What are the most effective ways for a patent owner to enforce its rights in your jurisdiction?

In recent years, the Indian courts have shown zeal and dynamism for the effective protection of IP rights, particularly in respect of patents. The most effective way to enforce patent rights includes a civil action seeking the following remedies:

  • a temporary injunction – the court can impose a temporary restraining order on the defendant until final disposal of the civil suit or for such time as stated in the court order;
  • a permanent injunction – the court can issue a final order restraining the defendant from carrying out activities constituting patent infringement in India;
  • damages or account of profits;
  • delivery up or destruction of infringing articles; or
  • legal costs.

A patent owner also has the following options to enforce its rights in India:

  • an Anton Piller order – the court can appoint a local commissioner on the request of the plaintiff or otherwise to hold or seal infringing materials or accounts in the defendant’s premises;
  • a Mareva injunction – the court can restrain the defendant from disposing of its assets within India until the trial ends or judgment in the patent infringement action is passed; or
  • a John Doe order – the court can order search and seizure in respect of an unknown defendant with the cooperation of the local commissioner and police, if required, to raid any premises where infringing activities are suspected to be carried out.

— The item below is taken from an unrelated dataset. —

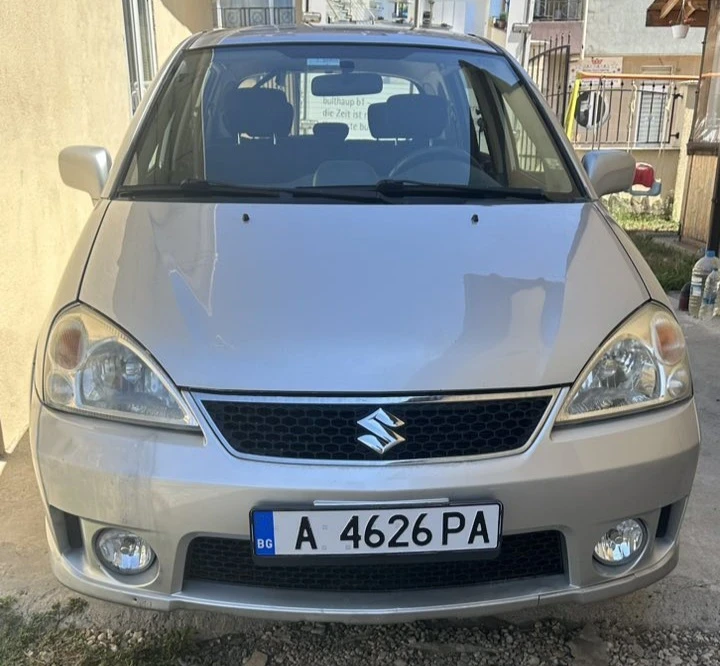 Suzuki Liana 1.6i sport 4x4, снимка 3 - Автомобили и джипове - 46865256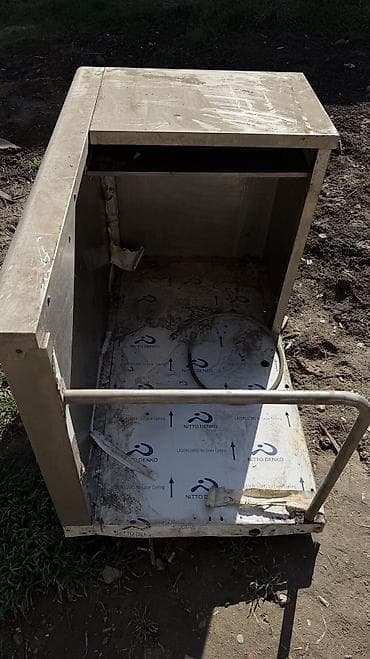 Стол и стул для кафе at lalafo.kg — 1 Стол и стул для кафе — 1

What scope is there for forum selection?

In India, a patent infringement suit may be filed either in a district court with jurisdiction or before a high court, depending on the pecuniary value of the civil suit (based on the damages sought, the applicable court fees and costs).

However, if a defendant counterclaims for revocation of the patent, the suit and the counterclaim are transferred to a high court. As defendants invariably counterclaim for revocation, patent infringement suits are typically heard mostly by the high courts.

Pre-trial

What are the stages in the litigation process leading up to a full trial?

The following stages lead to a full patent trial:

Pleadings A suit is instituted before the court in the appropriate jurisdiction by the plaintiff, including a plaint (containing the facts, grounds, claims, arguments and relief claimed) and supporting documentary evidence. The plaint must comply with Orders IV (institution of suits), VI (pleadings) and VII (plaint) of the Code of Civil Procedure.

  • In addition to the plaint, the plaintiff often files separate interim applications seeking:
  • a temporary injunction in conjunction with an ex parte ad interim injunction;
  • the appointment of a local commissioner; or
  • the appointment of a scientific adviser.

The court will consider the interim applications and issue any necessary orders. In exceptional cases an ex parte ad interim injunction order can be passed on the first day of the hearing where the plaintiff can prove, based on the documents available on record:

  • prima facie case;
  • irreparable loss and injury; and
  • the balance of convenience in its favour.

Pursuant to institution of the suit, if a court prima facie finds merit in plaintiff’s claims, it can issue a court notice to the defendant to appear before the court on a given date. The plaint is then also served on the defendant. On receiving the notice, the defendant can appear before the court to seek time to file a written reply. The plaintiff may then reply to the defendant in writing.

Admission and denial of documents At this stage the parties must produce before the court all of the documents in their possession on which they intend to rely. Thereafter, the parties must notify the court as to whether they admit or deny the documents filed by the other side. The court marks the exhibits accordingly.

Framing of issues Based on the pleadings filed by both the parties, the documents and the preliminary hearing, the court frames the main issues to be dealt with.

Discovery (optional) Discovery is the process by which a party may obtain information or documents from the opposing party before trial, through a request from the court. At this stage, depositions, requests for admission and requests for the production of documents, objects and entry may be filed.

Evidence At the evidence stage, the parties must provide evidence and confirm the veracity and genuineness of the evidence filed by an affidavit under oath. In order to prevail in a civil trial, the plaintiff may introduce competent evidence with respect to each disputed allegation, if already not filed.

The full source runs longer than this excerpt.